Handwritten receipts, verbal agreements, and informal supplier notes are no longer acceptable for tax deduction purposes. If an expense cannot be verified electronically, KRA treats it as taxable income.
Impact on Businesses, Individuals & Side Hustles
This policy affects not only VAT-registered companies but also:
- SMEs
- Freelancers
- Landlords
- Professionals
- NGOs
- Churches
- Schools
- Service providers
- Informal traders
A DJ, baker, tutor, plumber, photographer, mama mboga, salon owner, or landlord must issue eTIMS receipts if their clients need to deduct the expense in their returns.

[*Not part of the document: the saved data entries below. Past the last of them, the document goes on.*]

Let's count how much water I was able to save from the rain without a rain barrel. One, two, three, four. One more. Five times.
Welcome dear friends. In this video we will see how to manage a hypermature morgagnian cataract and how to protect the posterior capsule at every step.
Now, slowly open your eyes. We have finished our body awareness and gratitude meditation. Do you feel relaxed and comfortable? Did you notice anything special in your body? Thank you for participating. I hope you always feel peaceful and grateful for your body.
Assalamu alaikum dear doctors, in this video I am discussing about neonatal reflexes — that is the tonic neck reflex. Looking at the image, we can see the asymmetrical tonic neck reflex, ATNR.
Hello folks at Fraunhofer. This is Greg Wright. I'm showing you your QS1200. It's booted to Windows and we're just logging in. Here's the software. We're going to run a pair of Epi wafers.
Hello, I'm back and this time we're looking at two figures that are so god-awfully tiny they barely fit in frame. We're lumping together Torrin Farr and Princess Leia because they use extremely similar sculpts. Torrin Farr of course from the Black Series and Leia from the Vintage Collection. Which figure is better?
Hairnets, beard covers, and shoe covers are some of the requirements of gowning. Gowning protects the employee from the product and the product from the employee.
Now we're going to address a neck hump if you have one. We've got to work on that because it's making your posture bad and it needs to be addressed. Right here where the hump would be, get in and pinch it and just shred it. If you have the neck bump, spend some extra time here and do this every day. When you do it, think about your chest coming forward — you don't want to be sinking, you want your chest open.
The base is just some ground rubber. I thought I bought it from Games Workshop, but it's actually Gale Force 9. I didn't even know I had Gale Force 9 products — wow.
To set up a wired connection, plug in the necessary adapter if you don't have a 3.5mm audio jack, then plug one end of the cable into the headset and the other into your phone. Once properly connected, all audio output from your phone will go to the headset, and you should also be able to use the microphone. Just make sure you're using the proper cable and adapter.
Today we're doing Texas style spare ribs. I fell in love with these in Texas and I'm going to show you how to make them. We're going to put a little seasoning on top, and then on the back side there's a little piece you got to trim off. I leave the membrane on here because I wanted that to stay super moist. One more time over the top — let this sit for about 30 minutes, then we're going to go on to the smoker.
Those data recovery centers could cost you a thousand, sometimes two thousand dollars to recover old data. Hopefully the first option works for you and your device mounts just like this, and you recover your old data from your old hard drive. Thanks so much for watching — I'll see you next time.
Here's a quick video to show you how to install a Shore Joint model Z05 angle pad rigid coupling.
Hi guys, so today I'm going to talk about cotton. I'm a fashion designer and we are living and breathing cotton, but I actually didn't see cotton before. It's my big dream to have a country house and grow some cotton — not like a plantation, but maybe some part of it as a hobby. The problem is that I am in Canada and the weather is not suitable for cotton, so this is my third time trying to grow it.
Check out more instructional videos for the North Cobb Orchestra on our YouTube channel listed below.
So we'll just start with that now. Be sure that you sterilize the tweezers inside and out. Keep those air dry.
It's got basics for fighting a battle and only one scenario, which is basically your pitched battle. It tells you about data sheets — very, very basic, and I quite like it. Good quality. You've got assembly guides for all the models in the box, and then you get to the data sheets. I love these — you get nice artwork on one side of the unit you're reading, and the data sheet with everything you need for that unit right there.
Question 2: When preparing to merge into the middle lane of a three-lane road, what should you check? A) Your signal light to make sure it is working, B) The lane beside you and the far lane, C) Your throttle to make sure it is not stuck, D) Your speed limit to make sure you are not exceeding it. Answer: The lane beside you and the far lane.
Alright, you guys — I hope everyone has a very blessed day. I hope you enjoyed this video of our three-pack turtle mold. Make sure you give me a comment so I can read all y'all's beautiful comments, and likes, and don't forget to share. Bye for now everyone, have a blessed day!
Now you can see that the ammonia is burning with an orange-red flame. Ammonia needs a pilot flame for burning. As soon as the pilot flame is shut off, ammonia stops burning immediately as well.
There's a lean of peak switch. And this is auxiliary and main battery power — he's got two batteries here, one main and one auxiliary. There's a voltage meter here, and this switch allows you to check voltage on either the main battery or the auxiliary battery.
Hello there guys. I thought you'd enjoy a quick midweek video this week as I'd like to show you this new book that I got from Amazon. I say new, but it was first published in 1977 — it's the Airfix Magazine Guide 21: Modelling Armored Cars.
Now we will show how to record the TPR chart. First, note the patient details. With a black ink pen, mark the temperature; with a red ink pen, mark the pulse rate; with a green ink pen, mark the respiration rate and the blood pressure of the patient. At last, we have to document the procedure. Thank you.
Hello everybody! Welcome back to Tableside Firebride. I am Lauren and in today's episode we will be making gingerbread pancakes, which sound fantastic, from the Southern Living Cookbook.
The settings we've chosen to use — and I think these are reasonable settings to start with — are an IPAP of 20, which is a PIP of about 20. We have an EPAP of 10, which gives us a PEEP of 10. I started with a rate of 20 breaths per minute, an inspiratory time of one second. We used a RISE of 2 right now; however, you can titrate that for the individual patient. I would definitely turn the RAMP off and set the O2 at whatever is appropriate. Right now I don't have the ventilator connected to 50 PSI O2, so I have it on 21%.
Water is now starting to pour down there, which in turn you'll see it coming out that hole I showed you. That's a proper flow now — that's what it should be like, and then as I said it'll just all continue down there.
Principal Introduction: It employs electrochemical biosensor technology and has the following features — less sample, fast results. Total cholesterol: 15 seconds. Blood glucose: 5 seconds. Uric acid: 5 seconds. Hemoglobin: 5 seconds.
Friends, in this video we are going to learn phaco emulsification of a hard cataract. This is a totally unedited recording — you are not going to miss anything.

How KRA Now Matches Tax Information
KRA now cross-checks tax returns against:
- eTIMS supplier invoices
- Customs import records
- Withholding tax submissions
- Income declarations
If you declare KSh 1M in income but eTIMS shows KSh 1.7M, KRA will use the higher figure.
If you claim KSh 500,000 in repairs but only KSh 100,000 is supported with eTIMS receipts, the remaining KSh 400,000 becomes taxable income.
Sector Impacts Across the Economy
This compliance shift is now visible across multiple sectors:
✔ Real Estate
Landlords must issue eTIMS rent receipts. Tenants claiming office rent without digital receipts are being rejected.
✔ SMEs & Manufacturing
Supplies from informal networks are now becoming tax liabilities if not electronically receipted.
✔ Transport
Mechanics, spare-part dealers & service garages must issue compliant receipts for boda bodas, matatus, and fleet operators.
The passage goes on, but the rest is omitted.